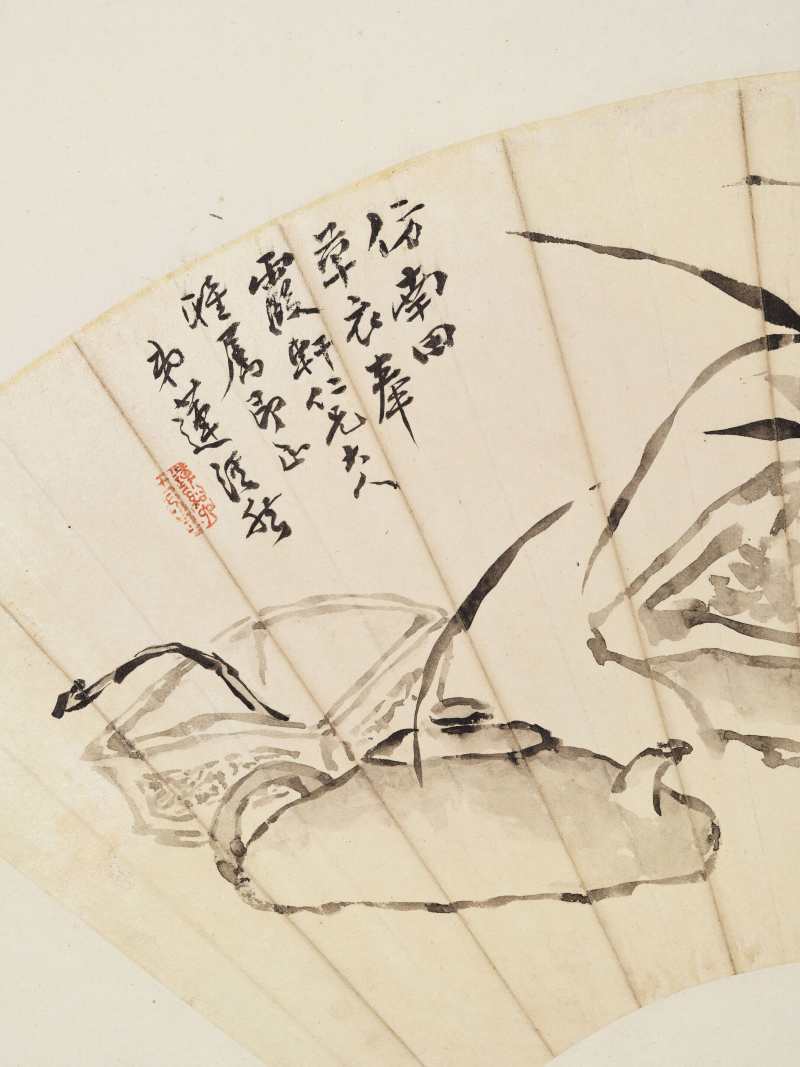 辛巳（1881年）作 莲溪 花卉三帧 - 图17
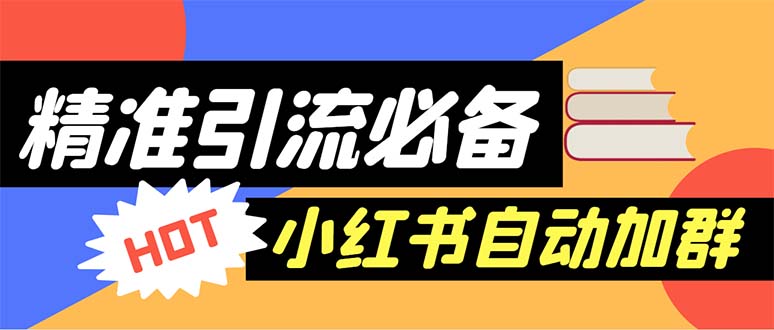 【引流必备】外面收费688小红书自动进群脚本：精准引流必备【脚本+教程】-科景网创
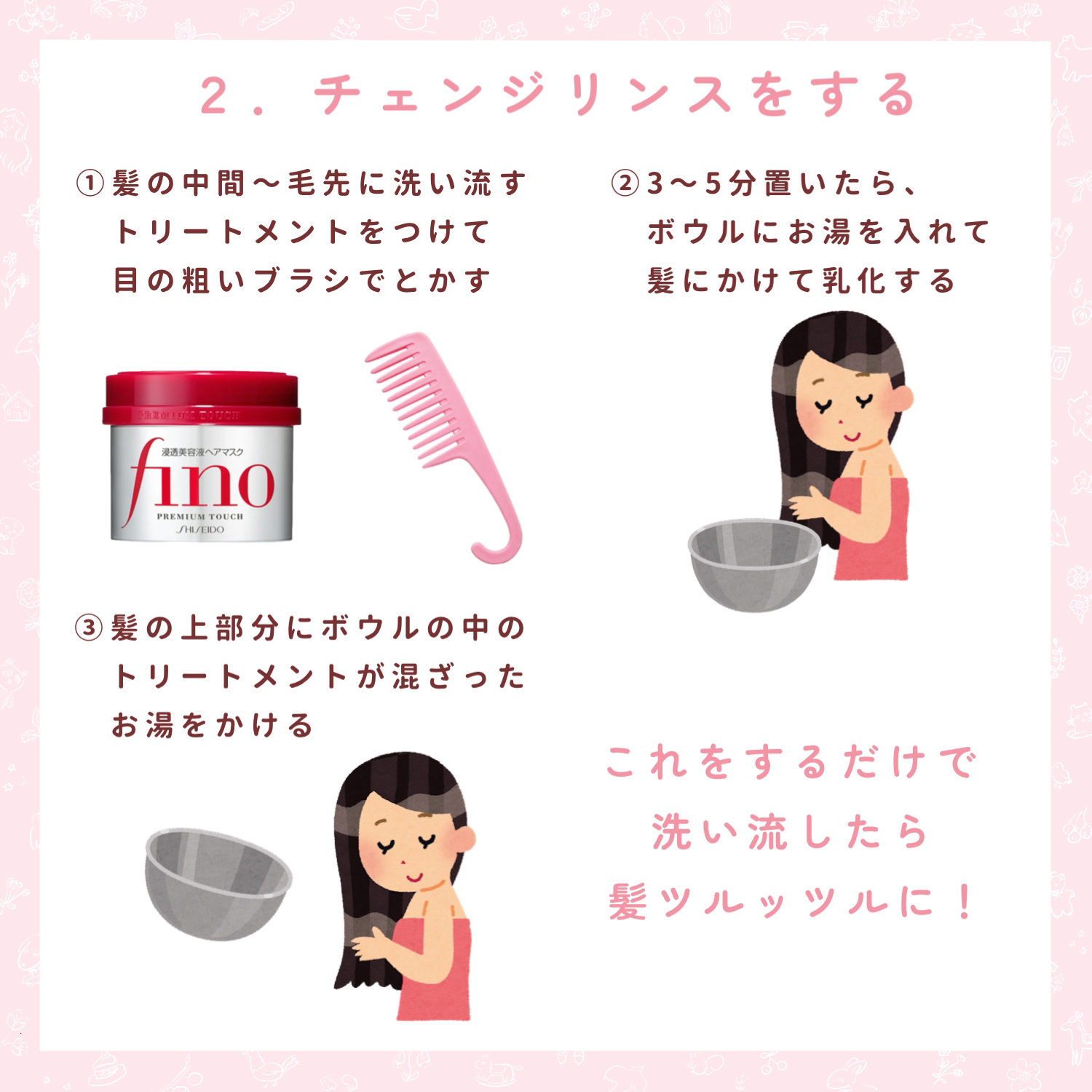 ヘアケア方法》【旧】ミス ディオール ヘア ミスト｜Diorの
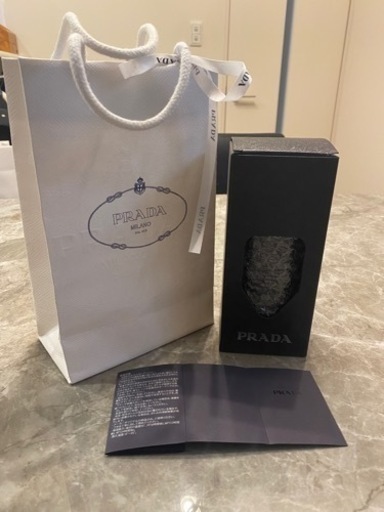 PRADA ステンレス製 ウォーターボトル 350 ml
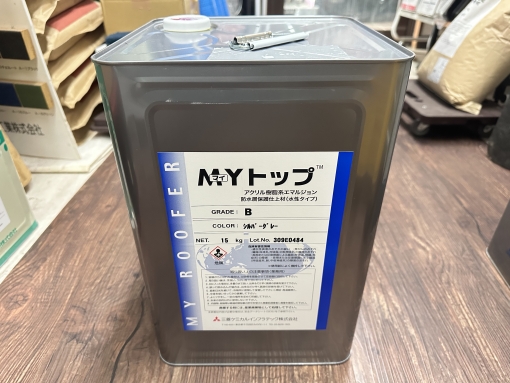 MYトップB　15KG　＃水系アクリルウレタン　 ＃環境対応型の屋根用塗膜防水材。防水性、難燃性、防錆性、強度復元、遮音性など、様々な効果を発揮する水系アクリルゴム難燃塗膜防水システム。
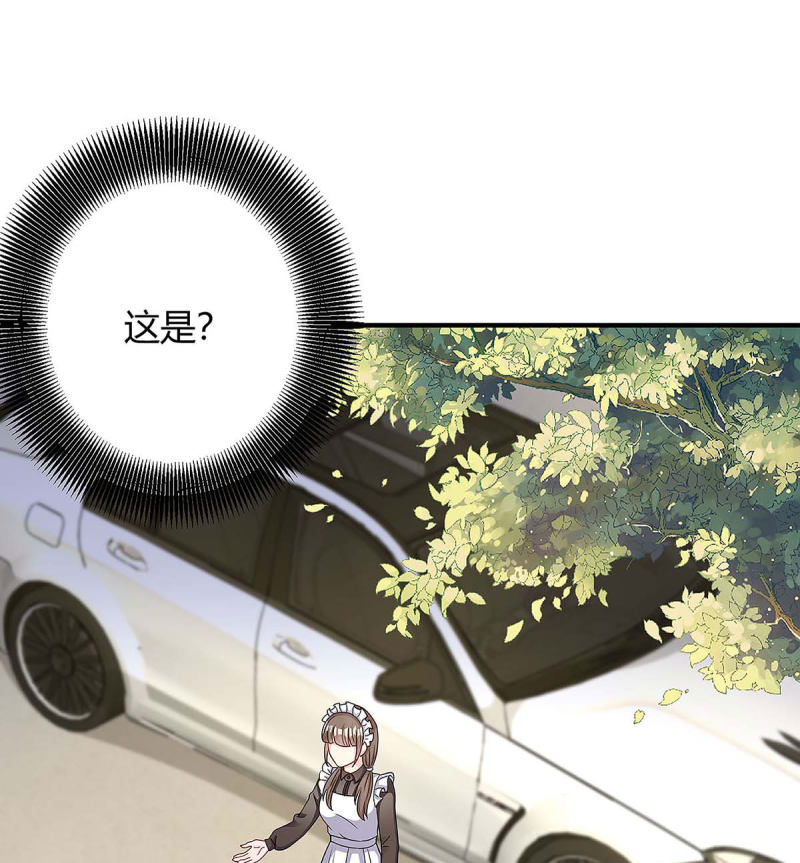第123话 单独见面-第123话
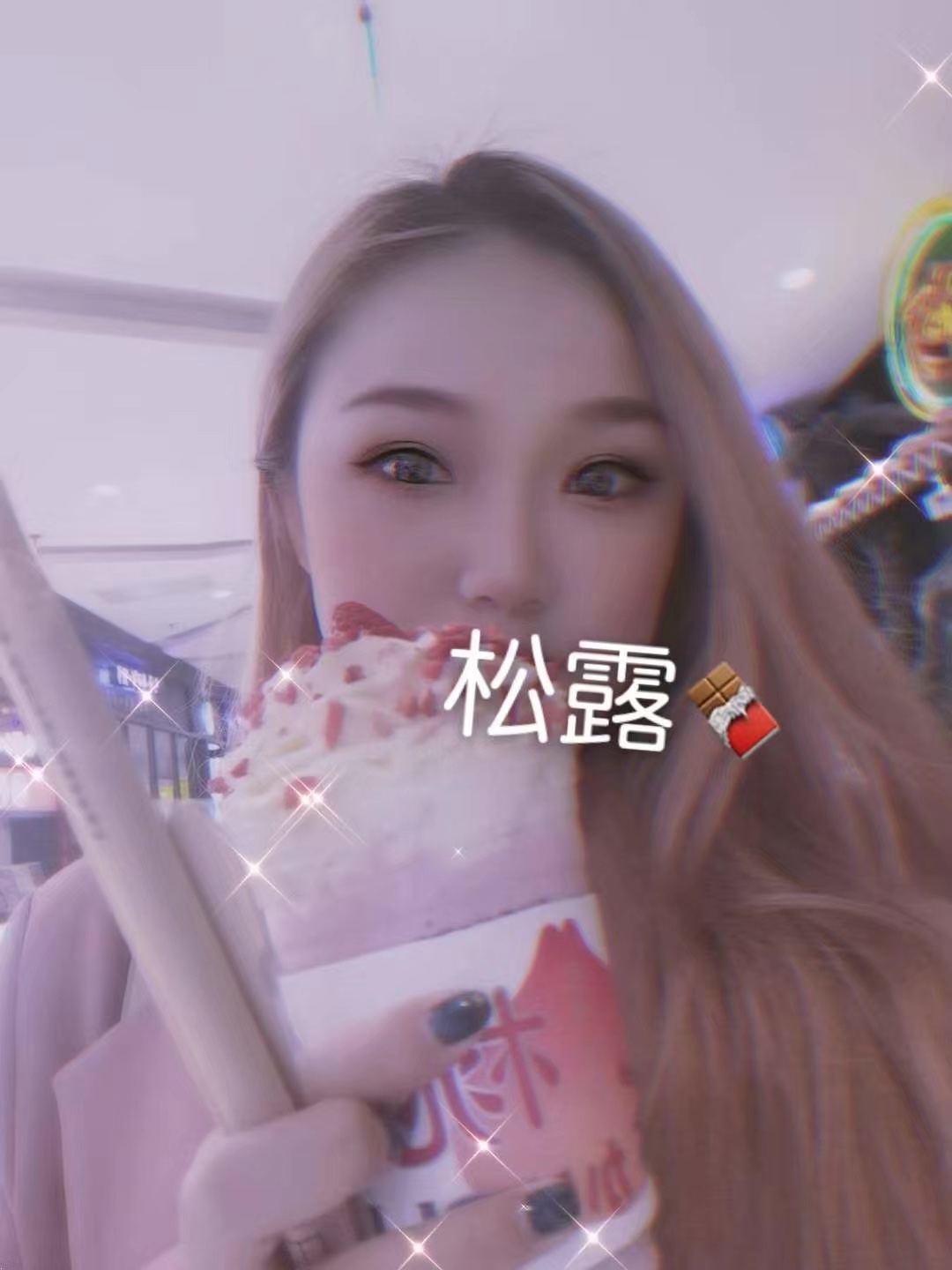 大连松露体验爽记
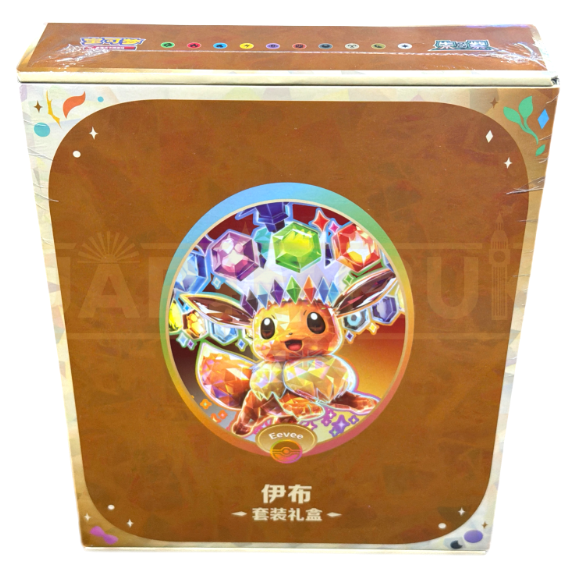 Pokemon Eevee Terastal Grand Crystal Gathering Simplified Chinese Binder Gift Box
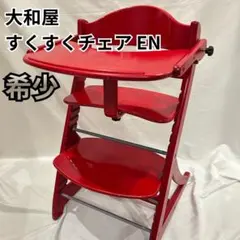 大和屋 すくすくチェア イーエヌ ガード付 ハイチェアレッド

☆ ☆ ☆

# Problem description
Output the entries above exactly. Drop the pictures.

# Answer
 辛巳（1881年）作 莲溪 花卉三帧 - 图17
 【引流必备】外面收费688小红书自动进群脚本：精准引流必备【脚本+教程】-科景网创
 ヘアケア方法》【旧】ミス ディオール ヘア ミスト｜Diorの
 PRADA ステンレス製 ウォーターボトル 350 ml
 MYトップB　15KG　＃水系アクリルウレタン　 ＃環境対応型の屋根用塗膜防水材。防水性、難燃性、防錆性、強度復元、遮音性など、様々な効果を発揮する水系アクリルゴム難燃塗膜防水システム。
第123话 单独见面-第123话
 大连松露体验爽记
 Pokemon Eevee Terastal Grand Crystal Gathering Simplified Chinese Binder Gift Box
 大和屋 すくすくチェア イーエヌ ガード付 ハイチェアレッド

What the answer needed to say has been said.